The Wounded Sinner is the name of an old, decaying house which has been in the Andrews family for generations. Henderson personifies it as a dying being with hard, dry skin of paint peeling away, and loose window panes rattling in shrunken gums. The first inhabitant, Nathaniel Andrews, was an unrepentant rake, so Reverend Stone called him a ‘wounded sinner’ in need of God’s redemption.
His great-grandson Archie still lives in the house. He’s old, dying and crotchety. His son Matthew has vowed never to put him in a nursing home. But Matthew has to leave his wife and five children in Leonora, a town of past gold rushes on the edge of the desert, for three weeks each month to travel to Perth to care for his father. Henderson describes the landscape sensuously.
The book explores themes about the problems of ageing, responsibility for the elderly and the loss of their freedom of choice.
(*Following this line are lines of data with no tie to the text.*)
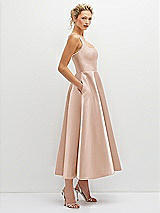 Side View Thumbnail - Cameo Square Neck Satin Midi Dress with Full Skirt & Pockets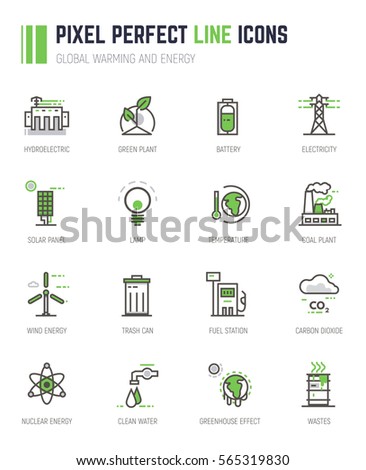 Set of pixel line icons. Alternative energy sources icons. Global warming and climate change concept. Sustainable energy.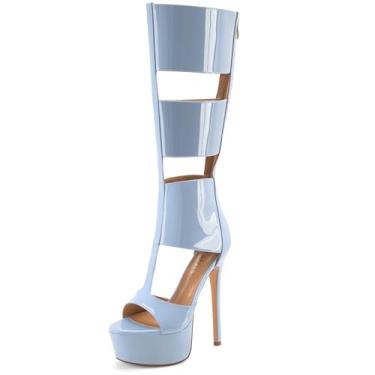 Imagem de Perisis Sandálias gladiadoras plataforma até o joelho para mulheres sexy aberto peep toe salto alto stiletto moda verão vestido festa dança botas com zíper, Patente azul claro, 36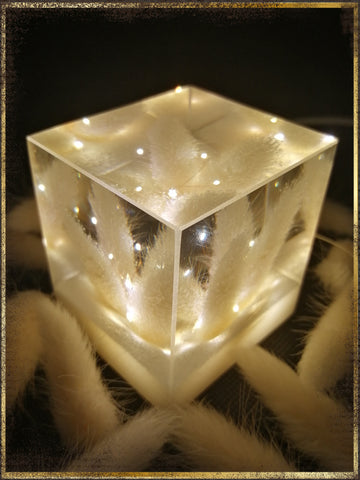 Resin Cube | Night Light Cube - Bunny Tail - White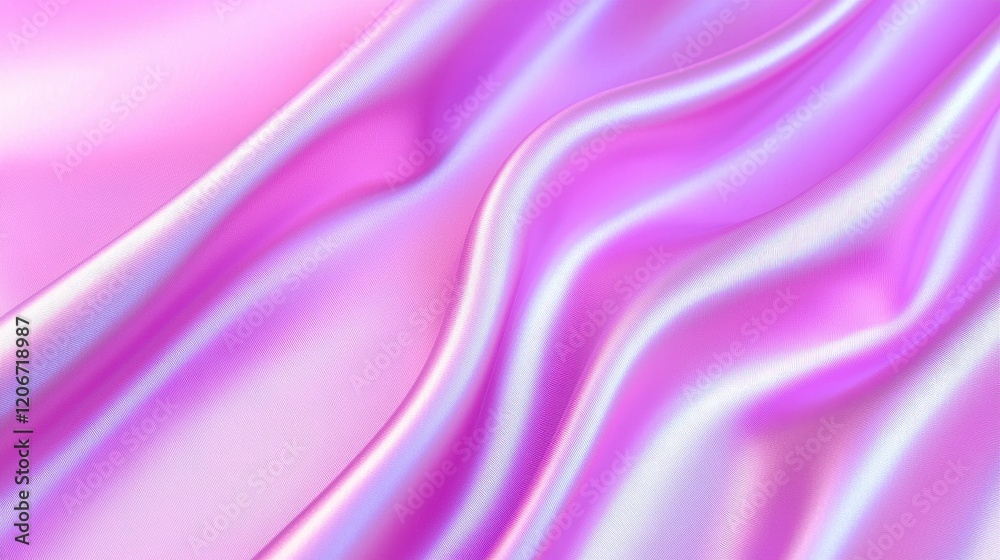 Obraz premium Luxurious Iridescent Pink Silk Fabric Drapery Elegant Soft Texture Background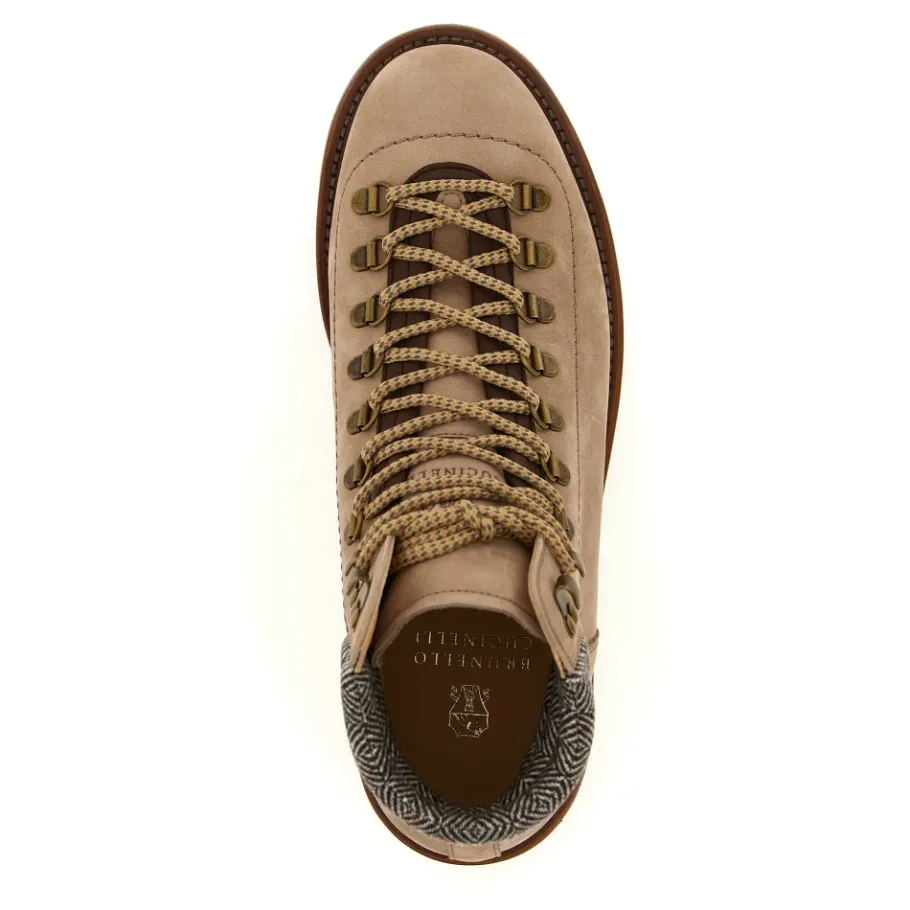 Brunello Cucinelli Nubuck Bergschoenen in Bergstijl-Heren Laarzen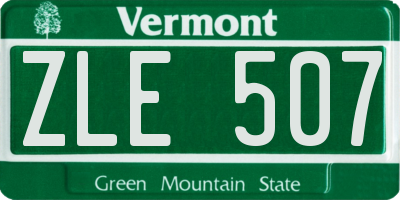 VT license plate ZLE507
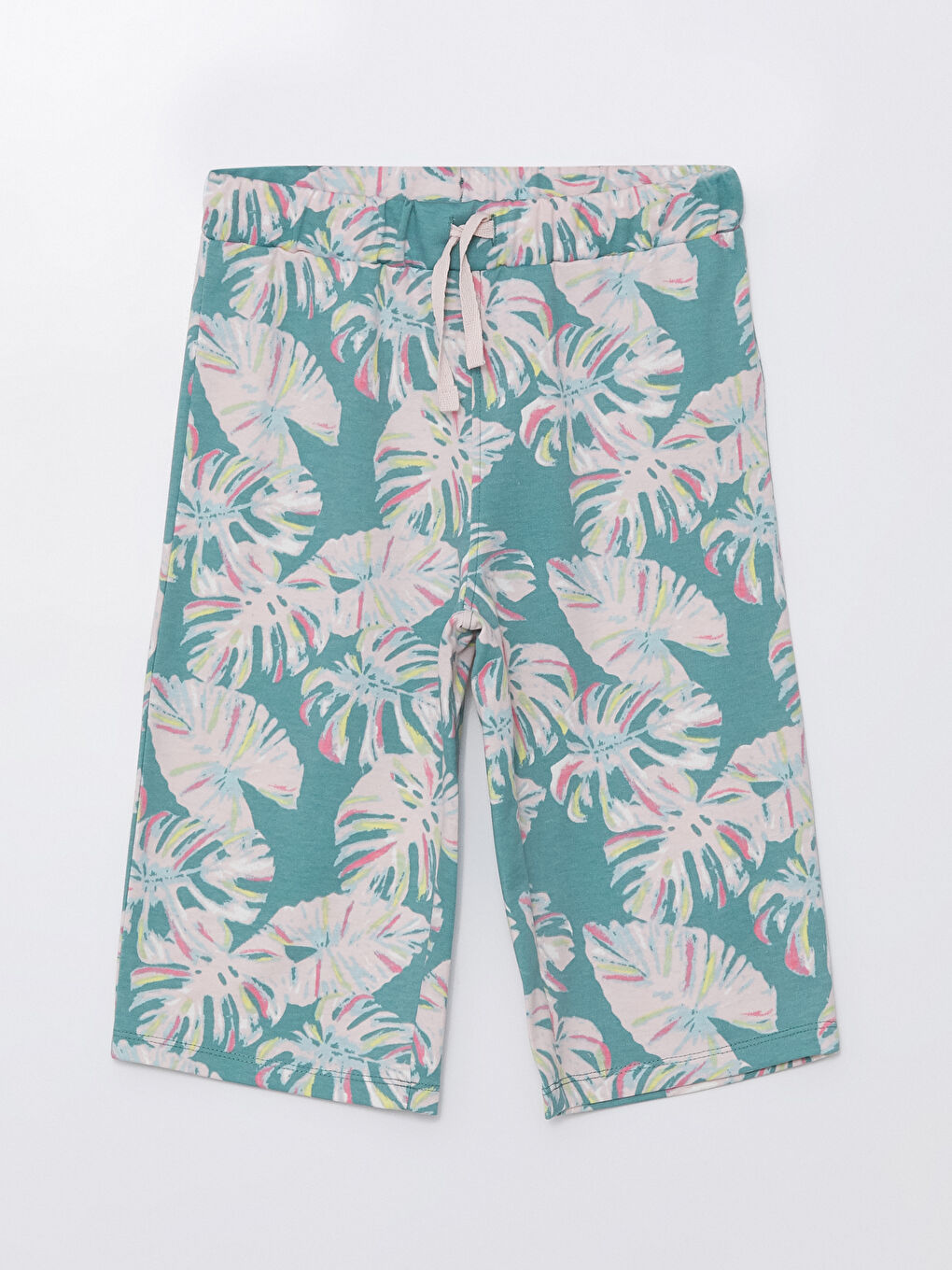 Yeşil Beli Lastikli Desenli Kız Çocuk Kapri-2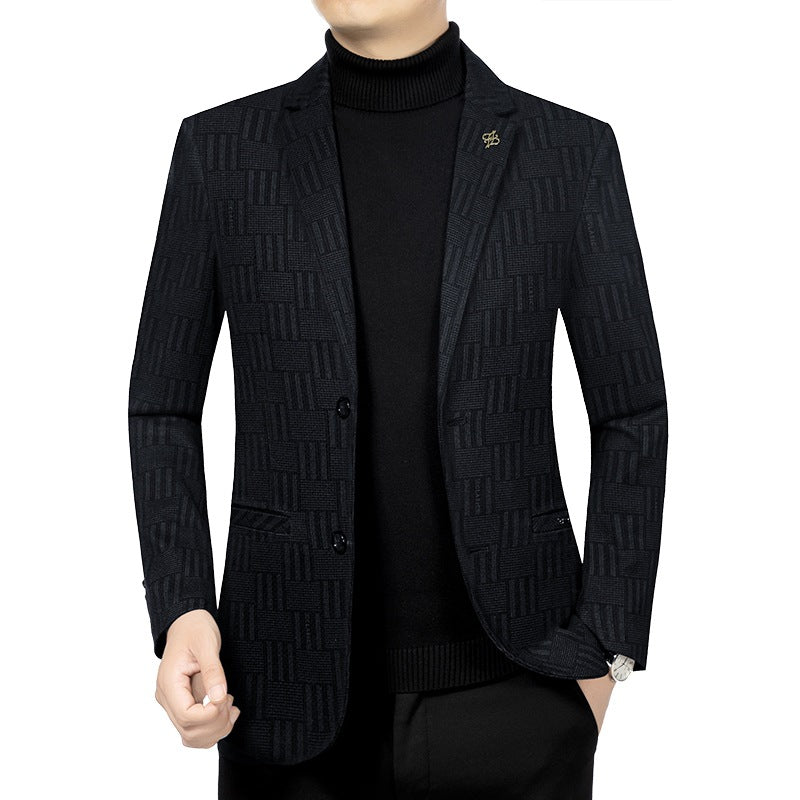 Herren Modernes Einreihiges City-Blazer mit aufgesetzten Taschen und leichter Halbfütterung – Tianoro
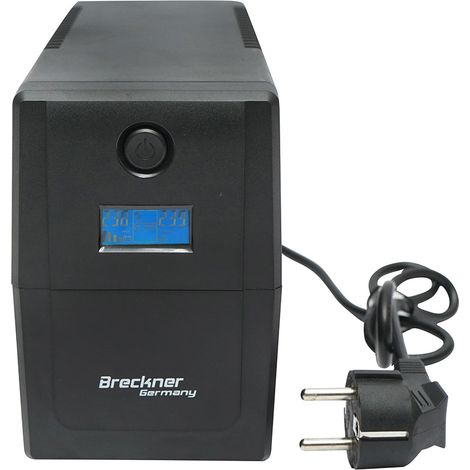 UPS 800VA / 480W con batteria 9Ah, 2 prese Schuko, LCD, USB, AVR Breckner Germany (1/5)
Death itself is personified as it waits to claim its own and the characters discuss death and the purpose of life in a poignant but often humorous vein.
Jeanie is Indigenous, born in Leonora but raised by a white Australian couple. Her daughter challenges her mother’s sense of reality, calling her a ‘coconut’ – dark on the outside but white on the inside. Ben Poulson, an important ‘fixer’ in the town, is a pig-headed, chauvinistic racist living in Leonora to escape some sordid past that is still chasing him.The story increases in tension and suspense for each character as the complex machinations of his actions hunt them down.
This book highlights the importance of recognising the disparity of life in Australia.